Unfortunately, it's not just elected officials that are problematic for prediction markets. The Secretary of War, for instance is not an elected official nor are leaders of the armed forces and there is definitely a prediction market for war. Multiply this by every powerful appointee and every career bureaucrat and see what kind of picture that paints.
If we're not going to ban prediction markets, we could at least make it a requirement that all bets are public and associated with a real identity.
That'd go a long way towards curbing the corruption of these things, while preserving (or even greatly enhancing) their "predictive power."
Seems like you’d get a secondary proxy market popping up overnight. Like domain privacy for degenerates.
That's why you make the regulations like AML regulations, where it's a crime to obfuscate the source of the wager too.
It's also low-ranking members of the armed forces that have a lot more information than you'd expect. If you just banned the high ranking members from prediction markets, I actually don't think very much would change. (There would just be slightly more delay.)
I mean, North Korea has some very deadly incentives if this whole "buy your prediction" market is brought online.
Don't forget relatives, useful idiots, and billionaire special envoys!
The latter two groups often overlap, even
It makes sense to ban government officials from betting. It's hard enough to enforce insider trading. With legal betting, it's literally impossible.
Another worrying issue with betting is just how prevalent the last election was in betting markets. In elections won by thousands or even just hundreds of votes, betting markets can skew results where betters vote for someone just purely for the bet and persuade, shill for the person they bet on.
I can imagine betters placing a bet on a candidate and then launching a defamation campaign against the other.
> A Mystery Trader Made $400,000 Betting on Maduro’s Downfall
> Prediction market trader 'Magamyman' made $553,000 on death of Iran's supreme leader
You can review that user’s trade history. It’s a bit weird for sure, but they didn’t just stop in to bet on those. They’ve bet huge sums on every prediction relating to Iran, Israel, sp500, recessions, etc.

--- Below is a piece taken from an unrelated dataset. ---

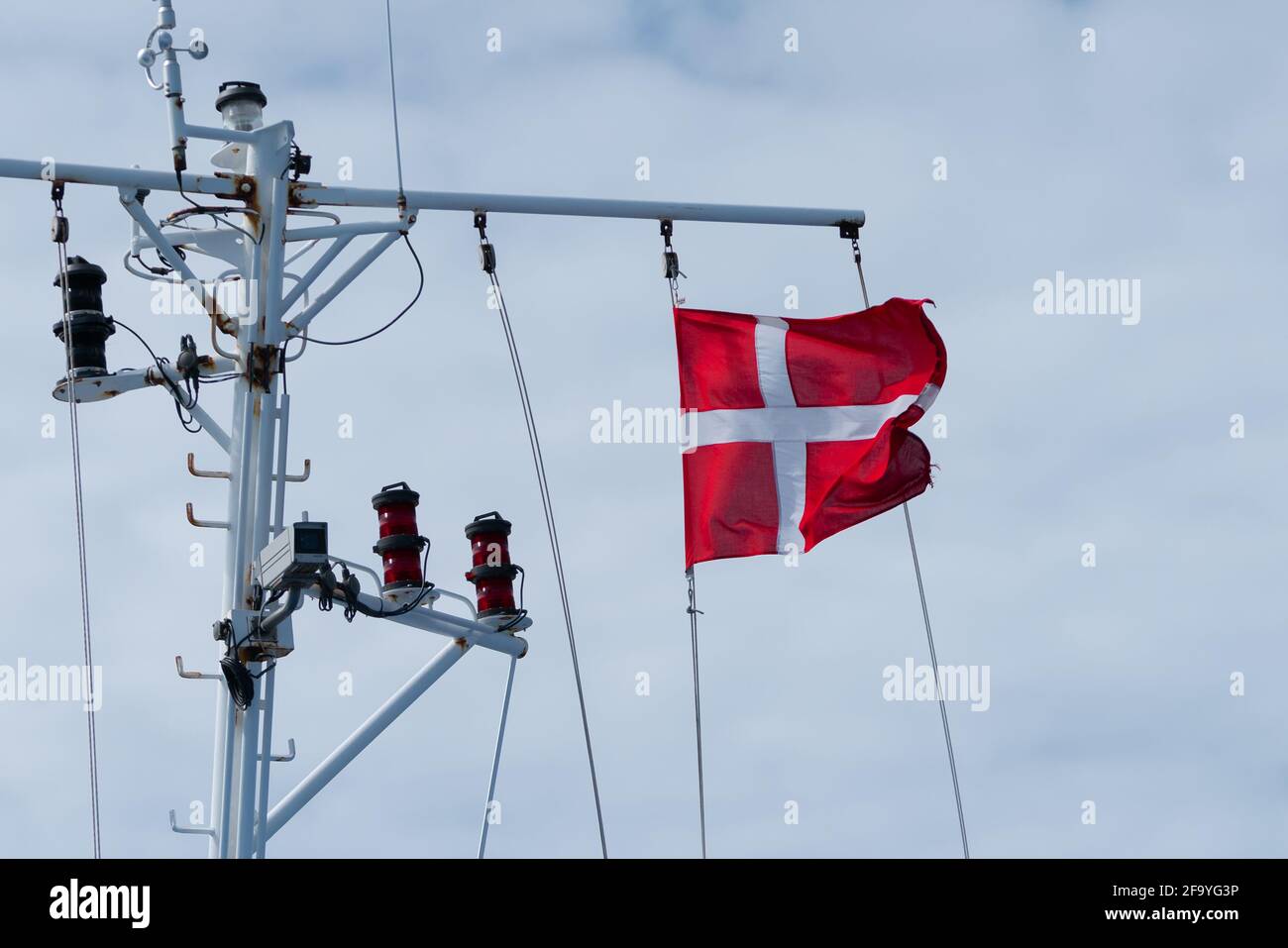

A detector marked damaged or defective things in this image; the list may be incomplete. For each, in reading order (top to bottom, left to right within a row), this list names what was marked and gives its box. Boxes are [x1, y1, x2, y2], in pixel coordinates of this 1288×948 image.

They’ve been betting for 2 years but only recently starting profiting a lot.
If they're smart they'll have multiple accounts with bets each way netting to ~0 on all kinds of topics, and just omit the losing trade on the information they actually have.

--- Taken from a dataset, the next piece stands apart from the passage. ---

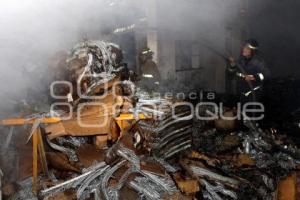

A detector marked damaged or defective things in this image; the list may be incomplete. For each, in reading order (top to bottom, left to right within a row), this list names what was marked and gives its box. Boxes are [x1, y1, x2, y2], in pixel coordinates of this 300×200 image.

charred debris [0, 39, 300, 199] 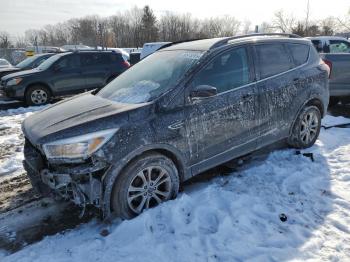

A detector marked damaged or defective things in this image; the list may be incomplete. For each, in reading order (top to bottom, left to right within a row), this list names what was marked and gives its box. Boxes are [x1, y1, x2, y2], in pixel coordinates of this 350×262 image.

damaged front end [22, 138, 109, 214]
broken headlight [43, 128, 117, 160]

I recall a few finance papers saying (paraphrasing) "approximately all private info is reflected in stock prices". The same is obviously true of prediction markets. If government officials are banned, they'll just give a little wink to a relative or friend, and the prediction markets will reflect the private information.
On a personal note, I find these markets incredibly useful in day to day life. There's been a joke for a while that putting site:reddit.com in your google search is the only way to get (some) real information. It's becoming true that putting <search terms> AND (kalshi OR polymarket) is how to get accurate info.
Accurate info on what? Most markets have almost no liquidity, outside of sports and crypto
Political outcomes is the biggest. Businesses (and individuals) can be strongly (financially) affected by who's elected. I'd been very curious in the past about political outcomes but had never used prediction markets, so I built a little tracker that inputed the probabilities based on scraping ~14 betting sites. I had to do it on a market-by-market basis, and there were lots of edgecases. Having them all in one place (or two; kalshi and polymarket) makes life much simpler.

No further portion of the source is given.